The records Start Marker
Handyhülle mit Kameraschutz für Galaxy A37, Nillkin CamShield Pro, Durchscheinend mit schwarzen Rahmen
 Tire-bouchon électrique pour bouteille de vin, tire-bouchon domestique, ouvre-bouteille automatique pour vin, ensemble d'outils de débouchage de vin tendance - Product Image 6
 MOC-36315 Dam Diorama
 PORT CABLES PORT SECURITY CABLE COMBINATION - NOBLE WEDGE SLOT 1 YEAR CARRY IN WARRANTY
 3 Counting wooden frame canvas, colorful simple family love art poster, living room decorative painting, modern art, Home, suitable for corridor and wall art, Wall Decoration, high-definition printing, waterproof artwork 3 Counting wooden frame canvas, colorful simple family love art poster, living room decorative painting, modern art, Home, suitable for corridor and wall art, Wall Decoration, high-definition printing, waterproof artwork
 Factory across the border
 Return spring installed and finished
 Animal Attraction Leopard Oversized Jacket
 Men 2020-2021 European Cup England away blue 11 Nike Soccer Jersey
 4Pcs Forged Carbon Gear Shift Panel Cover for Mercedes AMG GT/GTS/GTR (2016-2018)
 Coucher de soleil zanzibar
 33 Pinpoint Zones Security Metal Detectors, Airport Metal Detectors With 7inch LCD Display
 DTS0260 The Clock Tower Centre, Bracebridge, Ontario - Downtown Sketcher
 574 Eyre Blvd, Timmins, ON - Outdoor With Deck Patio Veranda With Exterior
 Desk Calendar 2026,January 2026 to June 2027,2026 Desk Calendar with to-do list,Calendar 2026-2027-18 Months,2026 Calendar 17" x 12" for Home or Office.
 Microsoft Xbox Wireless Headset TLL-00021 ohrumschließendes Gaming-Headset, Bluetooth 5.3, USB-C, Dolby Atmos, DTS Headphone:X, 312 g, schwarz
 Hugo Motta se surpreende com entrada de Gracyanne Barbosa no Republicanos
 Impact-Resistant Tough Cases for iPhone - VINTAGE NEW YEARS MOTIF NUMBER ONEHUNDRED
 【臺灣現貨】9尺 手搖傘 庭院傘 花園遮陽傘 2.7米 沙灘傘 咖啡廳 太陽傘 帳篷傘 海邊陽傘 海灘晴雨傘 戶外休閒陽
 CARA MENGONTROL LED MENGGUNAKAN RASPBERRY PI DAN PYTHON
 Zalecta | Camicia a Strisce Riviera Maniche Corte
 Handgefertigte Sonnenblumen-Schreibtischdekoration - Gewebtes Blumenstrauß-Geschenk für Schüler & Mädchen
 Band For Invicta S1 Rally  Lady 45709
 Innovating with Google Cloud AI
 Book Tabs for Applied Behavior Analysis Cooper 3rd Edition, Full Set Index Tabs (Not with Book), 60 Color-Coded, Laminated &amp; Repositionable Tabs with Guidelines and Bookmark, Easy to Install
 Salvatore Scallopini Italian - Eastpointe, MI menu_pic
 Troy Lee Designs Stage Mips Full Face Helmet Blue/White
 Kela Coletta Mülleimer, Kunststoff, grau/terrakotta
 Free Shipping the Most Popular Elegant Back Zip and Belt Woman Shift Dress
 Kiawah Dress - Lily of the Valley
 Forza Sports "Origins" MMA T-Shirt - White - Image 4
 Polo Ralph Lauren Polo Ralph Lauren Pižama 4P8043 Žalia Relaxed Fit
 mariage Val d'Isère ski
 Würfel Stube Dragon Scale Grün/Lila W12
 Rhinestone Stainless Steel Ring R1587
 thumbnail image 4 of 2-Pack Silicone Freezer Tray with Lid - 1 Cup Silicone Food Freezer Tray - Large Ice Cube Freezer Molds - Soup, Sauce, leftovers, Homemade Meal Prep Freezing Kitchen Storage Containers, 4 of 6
The records End Marker
■ Problem ■
Beginning with the first line of the entries, repeat each line exactly until you have reproduced the one containing "PORT CABLES PORT", and add nothing further.

■ Task result ■
Handyhülle mit Kameraschutz für Galaxy A37, Nillkin CamShield Pro, Durchscheinend mit schwarzen Rahmen
 Tire-bouchon électrique pour bouteille de vin, tire-bouchon domestique, ouvre-bouteille automatique pour vin, ensemble d'outils de débouchage de vin tendance - Product Image 6
 MOC-36315 Dam Diorama
 PORT CABLES PORT SECURITY CABLE COMBINATION - NOBLE WEDGE SLOT 1 YEAR CARRY IN WARRANTY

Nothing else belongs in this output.